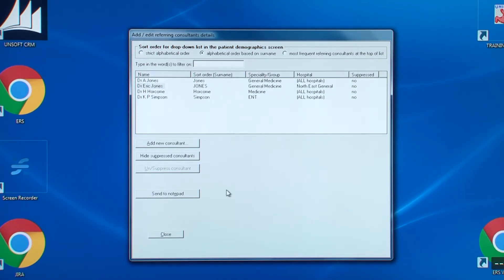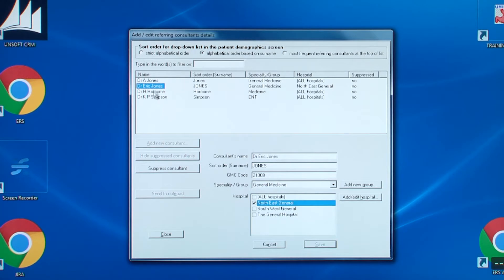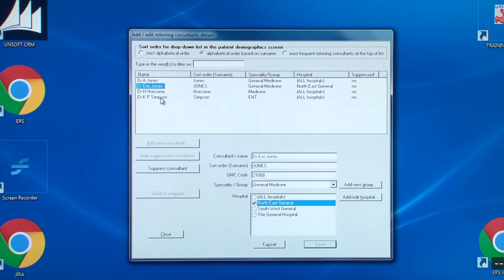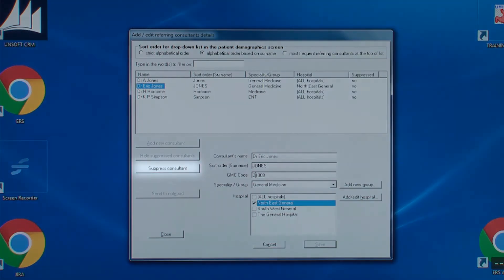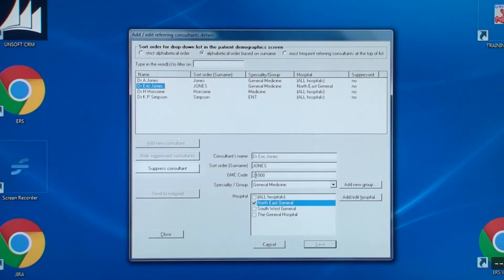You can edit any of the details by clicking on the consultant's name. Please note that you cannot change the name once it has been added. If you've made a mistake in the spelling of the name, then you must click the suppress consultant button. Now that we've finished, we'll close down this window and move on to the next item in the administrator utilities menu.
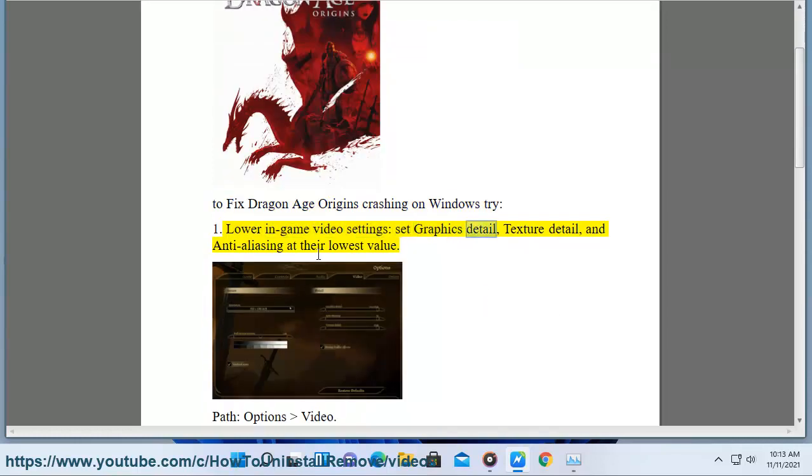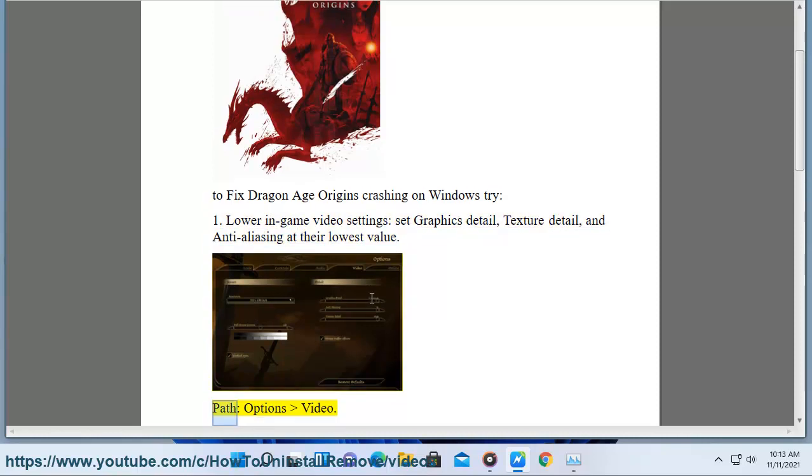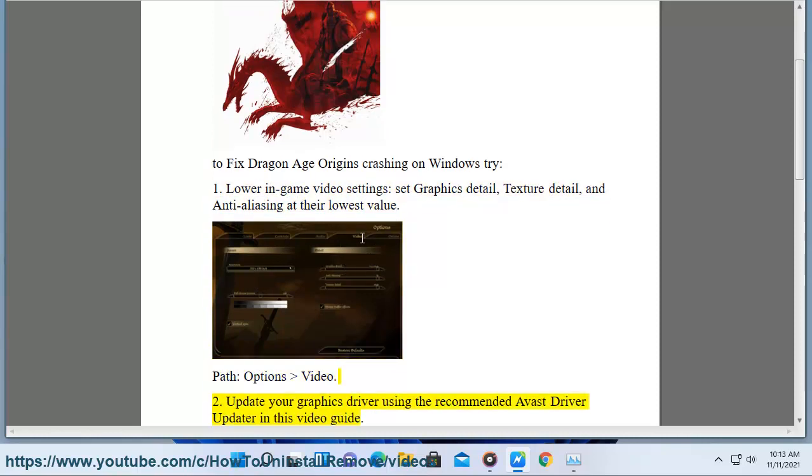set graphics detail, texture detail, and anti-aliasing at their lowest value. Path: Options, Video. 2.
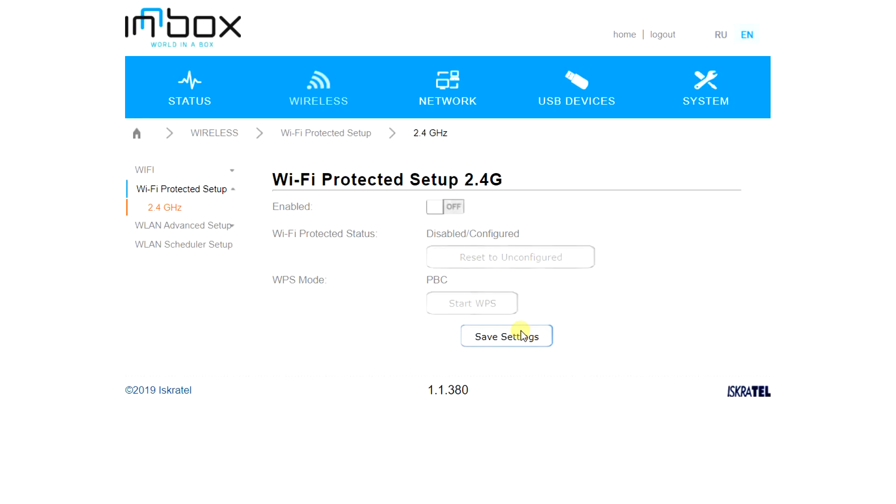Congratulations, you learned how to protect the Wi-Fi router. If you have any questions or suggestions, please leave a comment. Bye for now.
************
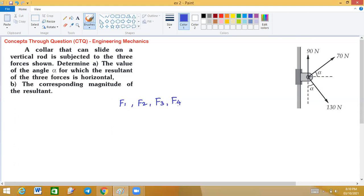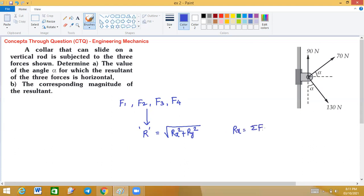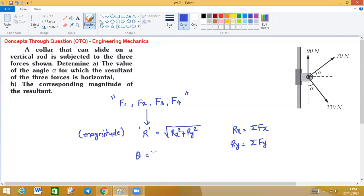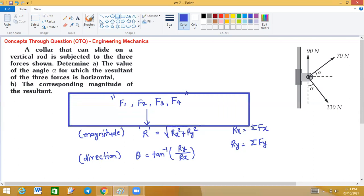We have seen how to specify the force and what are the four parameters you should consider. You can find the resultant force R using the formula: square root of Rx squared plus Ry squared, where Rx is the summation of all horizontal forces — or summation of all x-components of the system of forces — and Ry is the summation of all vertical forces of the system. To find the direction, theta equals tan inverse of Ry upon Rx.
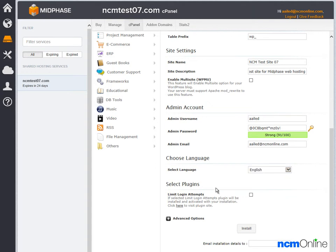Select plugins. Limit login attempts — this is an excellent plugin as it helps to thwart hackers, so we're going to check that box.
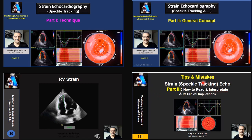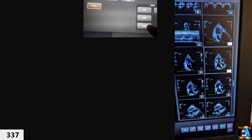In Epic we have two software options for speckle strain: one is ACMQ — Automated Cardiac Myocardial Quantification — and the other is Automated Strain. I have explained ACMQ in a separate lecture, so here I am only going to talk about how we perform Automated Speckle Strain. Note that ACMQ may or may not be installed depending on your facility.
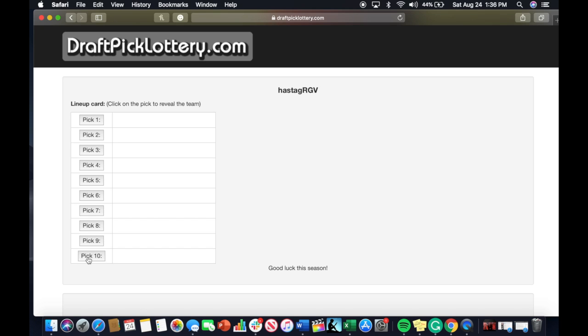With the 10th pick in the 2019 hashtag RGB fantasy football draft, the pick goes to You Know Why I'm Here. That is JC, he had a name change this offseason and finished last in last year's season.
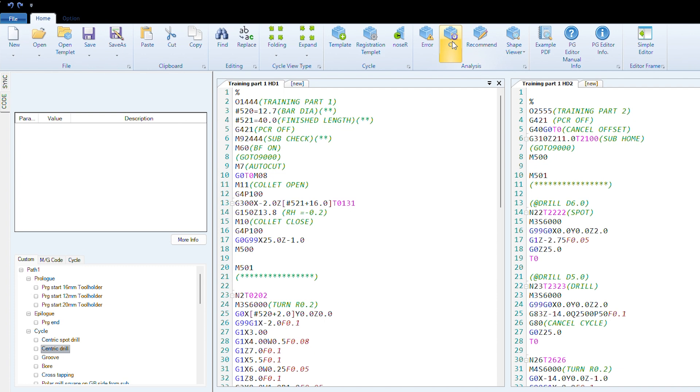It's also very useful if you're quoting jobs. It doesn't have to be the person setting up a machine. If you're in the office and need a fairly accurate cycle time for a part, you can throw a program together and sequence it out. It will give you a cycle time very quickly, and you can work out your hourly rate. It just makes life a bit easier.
************
[What you will do]
In the material above, the stretch from the line with "With the 10th" through the line with "It's also very" is to be given again exactly, minus the pictures.

[Result below]
With the 10th pick in the 2019 hashtag RGB fantasy football draft, the pick goes to You Know Why I'm Here. That is JC, he had a name change this offseason and finished last in last year's season.
It's also very useful if you're quoting jobs. It doesn't have to be the person setting up a machine. If you're in the office and need a fairly accurate cycle time for a part, you can throw a program together and sequence it out. It will give you a cycle time very quickly, and you can work out your hourly rate. It just makes life a bit easier.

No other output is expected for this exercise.